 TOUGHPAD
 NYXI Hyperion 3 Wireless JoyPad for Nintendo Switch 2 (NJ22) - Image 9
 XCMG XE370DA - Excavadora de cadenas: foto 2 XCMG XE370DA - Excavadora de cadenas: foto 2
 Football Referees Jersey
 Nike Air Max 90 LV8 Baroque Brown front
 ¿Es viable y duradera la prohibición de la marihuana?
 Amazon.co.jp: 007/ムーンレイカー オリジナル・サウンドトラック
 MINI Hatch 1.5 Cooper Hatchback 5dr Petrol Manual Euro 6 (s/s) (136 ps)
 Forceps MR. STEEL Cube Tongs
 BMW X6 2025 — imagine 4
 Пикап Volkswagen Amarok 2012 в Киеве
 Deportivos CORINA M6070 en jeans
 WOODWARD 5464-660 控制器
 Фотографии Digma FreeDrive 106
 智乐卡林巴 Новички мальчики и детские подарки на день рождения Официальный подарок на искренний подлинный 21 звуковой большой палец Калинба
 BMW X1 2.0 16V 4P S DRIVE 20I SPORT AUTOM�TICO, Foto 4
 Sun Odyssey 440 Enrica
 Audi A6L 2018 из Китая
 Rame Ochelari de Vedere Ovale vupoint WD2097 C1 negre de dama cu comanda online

Aim of the exercise: When you reach the line containing "智乐卡林巴 Новички мальчики" in the listing, transcribe it and every line after it exactly, through the last line, and add nothing.

Answer box:
 智乐卡林巴 Новички мальчики и детские подарки на день рождения Официальный подарок на искренний подлинный 21 звуковой большой палец Калинба
 BMW X1 2.0 16V 4P S DRIVE 20I SPORT AUTOM�TICO, Foto 4
 Sun Odyssey 440 Enrica
 Audi A6L 2018 из Китая
 Rame Ochelari de Vedere Ovale vupoint WD2097 C1 negre de dama cu comanda online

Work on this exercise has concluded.